While the tamale comparison may be a little extreme — there are no notes of any savory fillings — the sweetness of masa, the corn dough used in tamales, is present in every sip. That’s because the corn used in both masa flour and Nixta goes through a nixtamalization process, an ancient, 4,000-year-old Mesoamerican culinary technique in which corn is cooked in an alkaline limewater solution before hulling, which unlocks the strongest flavors and aromas of corn.
In the case of Nixta, the sourced maize is 100% non-GMO cacahuazintle, an heirloom white kernel variety indigenous to the foothills of the Nevado de Toluca volcano. It’s the same corn variety used in Abasolo Ancestral Corn Whisky, an elevated corn whiskey made by the same team at Destilería y Bodega Abasolo in Jilotepec. In fact, the origin of Nixta came from the production of this whiskey. Co-founder and Master Distiller Iván Saldaña realized that the unaged base of the whiskey — a 50/50 blend of roasted and raw macerated corn, water, and local, unrefined cane sugar — could be taken in another direction that would truly bring the complex flavors of corn into the spotlight.
The result of his experimentation is the world’s first corn liqueur, with 30% ABV and a smooth, silky texture. Each sip of Nixta brings the distinct, sweet flavors of roasted (and thus slightly caramelized) maize to your palate, with hints of vanilla. And if there’s any doubt of the presence of corn—not that you would need it—Nixta comes in a glass bottle fashioned like an elote (a corn on the cob), complete with the bumpy texture of kernels.

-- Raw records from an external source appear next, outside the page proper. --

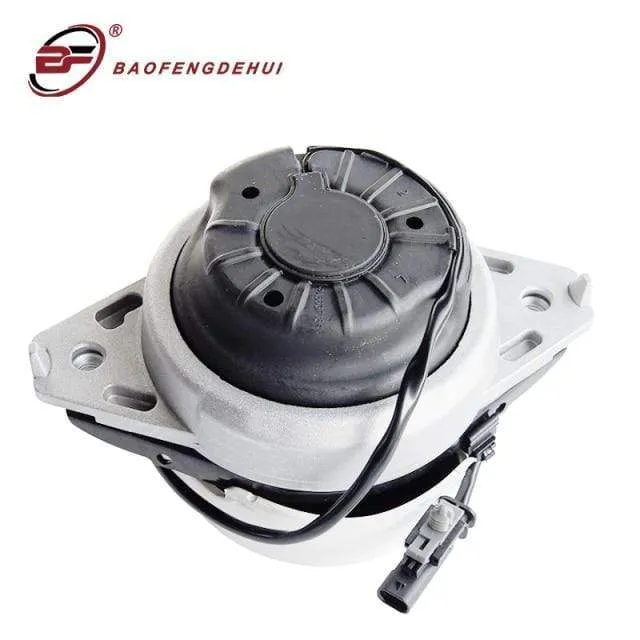 Motoren Montieren Unterstützung Motor Halterungen Für Mercedes-Benz GLE W166 GLS X166 GL Klasse X166 W166 LH A1662406817 RH A1662406917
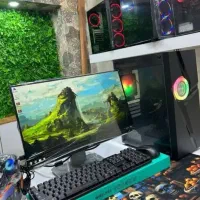 پک کامل گیمینگ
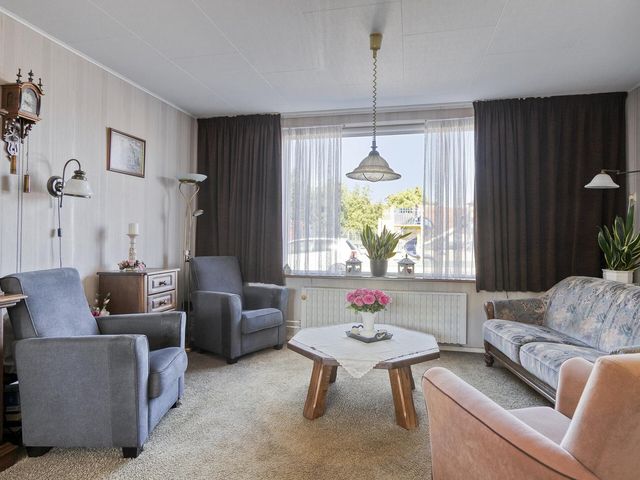 Schoolstraat 12, Sint-Annaland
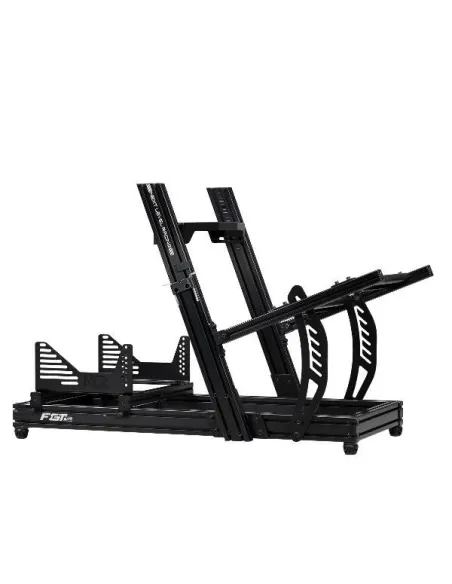 Next Level Racing F-GT Elite Lite Wheel Plate Edition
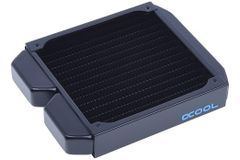  Alphacool NexXxos ST30 Full Copper Radiator 140, 140mm x 1 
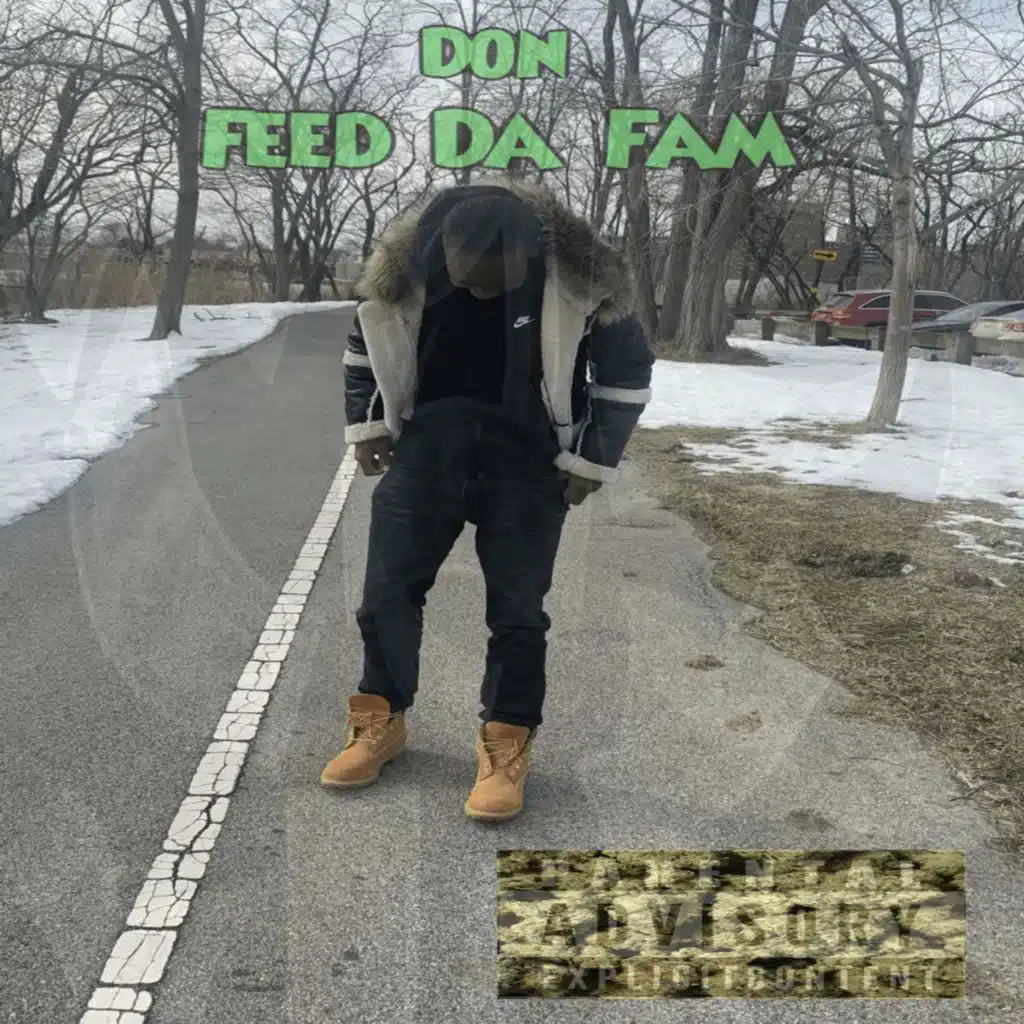 FEED DA FAM
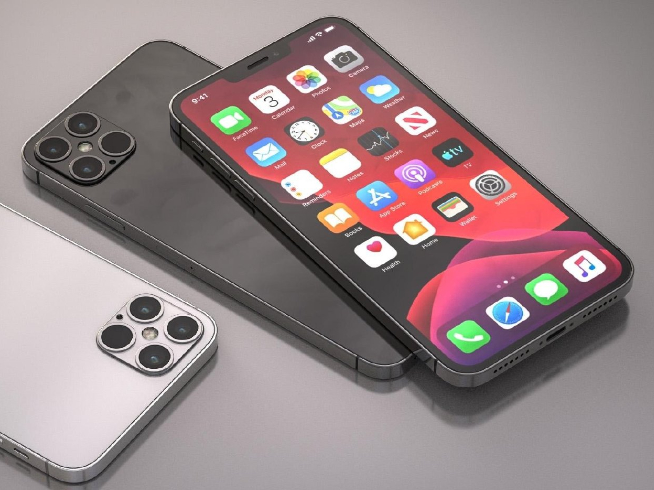 LTPO高刷屏確實(shí)香！這次蘋果iPhone 13 Pro系列也要安排上？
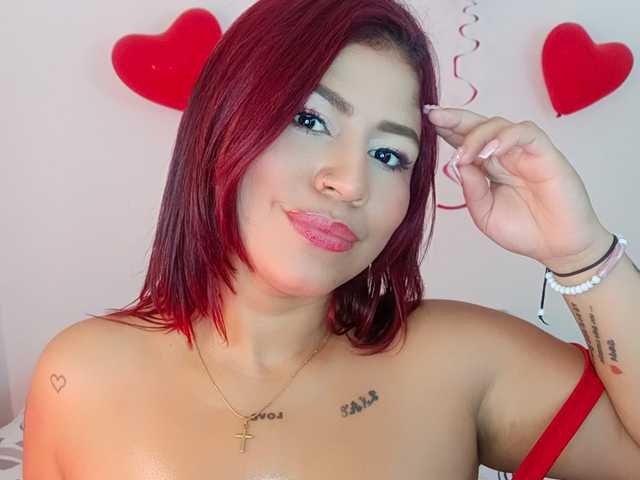 Photo du profil Valentinaboobs1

What Is Nixta Best Used For?
Nixta is a great addition to any bar’s stock, not only for its exterior beauty but also for the versatile spirit within. Some mixologists have dubbed Nixta the “bartender’s salsa,” because it’s an adaptable ingredient that can be used in any cocktail that calls for a little sweetness — almost like an alcoholic, corn-infused simple syrup. In fact, some dessert chefs have embraced it, using it as a topping on flan or panna cotta, or as a drizzle over ice cream.
Mix Nixta with whiskey, Angostura bitters, and a slice of orange peel, and you have a Jilo Old Fashioned. Shake it with tequila, agave, pineapple, and lime juices, and you have a Golden Margarita to pour into a salt-rimmed glass. Add Nixta to coffee, and you’ll have a sweet-corn take on carajillo, the Latino boozy coffee drink.
While all those cocktails sound delicious and refreshing, Nixta is also perfect right out of its elote-shaped glass bottle, to sip neat or on the rocks. Its texture is so velvety that one might throw that tamales comparison out the window completely, as sipping this licor de elote straight feels akin to sipping on a fine cognac. Perhaps it could be marketed as a “corn cognac,” or “corngnac” if you will. And if the folks at Destilería y Bodega Abasolo find that extremely corny, maybe that’s the point.